In the leading case of Radmacher v Granatino  UKSC 42 the Supreme Court considered whether pre-nuptial agreements are binding and what weight, if any, should be given when exercising their discretion. It was held that the Court may give effect to a pre-nuptial agreement if:-
“It was freely entered into by both parties, with full appreciation of its implications unless in the circumstances it would not be fair to hold the parties to the agreement.”
In layman’s terms, the parties must enter into the agreement of their own free will, without any undue influence. In order for parties to fully appreciate the implications of the pre-nuptial agreement, both parties must obtain independent legal advice and undertake financial disclosure. The Court will deem the agreement to be unfair if for example it leaves one party in a “predicament of real need” or it would prejudice a child of the family. If a pre-nuptial includes a clause which would oust the jurisdiction of the Court, it will be considered as not binding.
The amount of weight the Court will give a pre-nuptial is dependent on whether it is fair to do so and on the facts of each case. The Court will consider a 3 stage fairness test:
The Court will consider the housing and financial needs of both parties as well as their age and earning capacity.
If one party’s financial situation is much stronger, the Court may need to compensate the weaker party.

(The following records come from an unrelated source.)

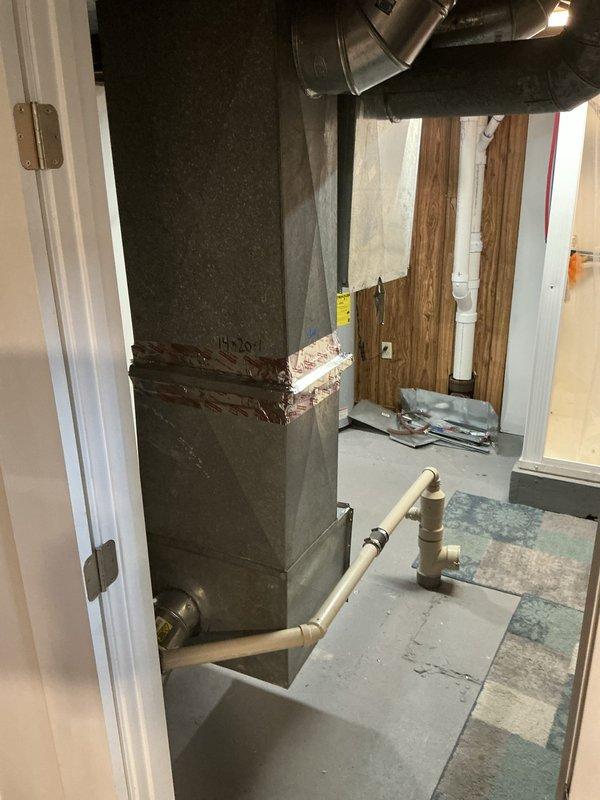 Conducted comprehensive assessment of existing 16-year-old Goodman HVAC system with air conditioning unit depleted of R22 refrigerant and previously installed furnace removed due to defective operation and unresolved warranty issues. Evaluated rooftop PVC vent assembly and interior ductwork configuration in basement utility space to determine scope of work for potential replacement of one or two complete HVAC systems.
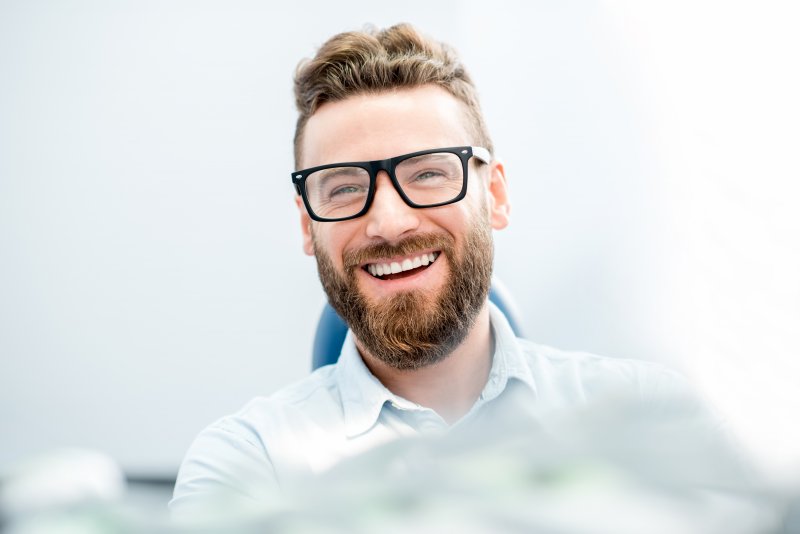 person with porcelain veneers smiling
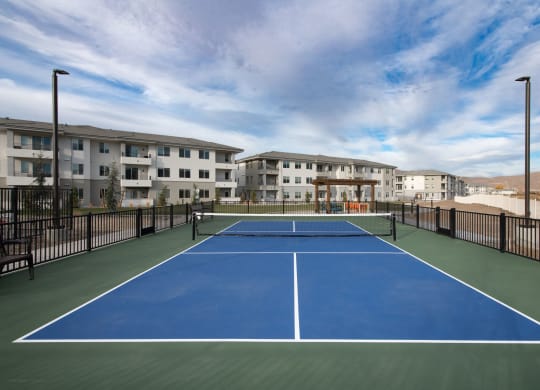 a pickleball court with apartments in the background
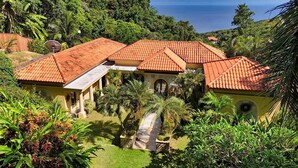 A villa with a red-tiled roof, surrounded by lush greenery and a view of the ocean. - Spectacular Hilltop Rental for 2 w/ Private Beach, Mountain & Sea Views. (Roatan)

Marriage represents the principle of equality and therefore, each party is presumed to have an equal share unless there is a good reason to the contrary.

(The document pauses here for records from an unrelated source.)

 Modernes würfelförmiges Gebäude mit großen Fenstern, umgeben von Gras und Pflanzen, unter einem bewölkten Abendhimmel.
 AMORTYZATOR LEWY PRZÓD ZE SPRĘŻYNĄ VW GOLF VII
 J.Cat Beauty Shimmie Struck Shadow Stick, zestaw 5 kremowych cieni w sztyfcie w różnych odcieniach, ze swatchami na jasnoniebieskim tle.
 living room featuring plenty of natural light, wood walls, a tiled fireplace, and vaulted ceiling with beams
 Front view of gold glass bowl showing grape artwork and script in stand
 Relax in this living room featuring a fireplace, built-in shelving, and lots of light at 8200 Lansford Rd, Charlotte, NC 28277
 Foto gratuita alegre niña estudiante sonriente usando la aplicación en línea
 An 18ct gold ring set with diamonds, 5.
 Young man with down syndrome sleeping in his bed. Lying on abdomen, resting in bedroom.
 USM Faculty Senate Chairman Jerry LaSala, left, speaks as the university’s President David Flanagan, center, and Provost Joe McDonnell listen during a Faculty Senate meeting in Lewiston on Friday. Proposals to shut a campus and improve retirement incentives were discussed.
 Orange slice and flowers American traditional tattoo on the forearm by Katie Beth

Although the Supreme Court stated that pre-nuptial agreements are capable of being legally enforceable, in practice, they will not be enforced as an attempt to do so may be thwarted by an application for financial remedy.
In most cases, the parties’ circumstances have usually changed so dramatically since entering into the agreement, the Court do not deem them as binding as it would be unfair to enforce such agreement. For example, the parties may not have envisaged or included a provision with regards to having children and the pre-nuptial agreement is consequently outdated.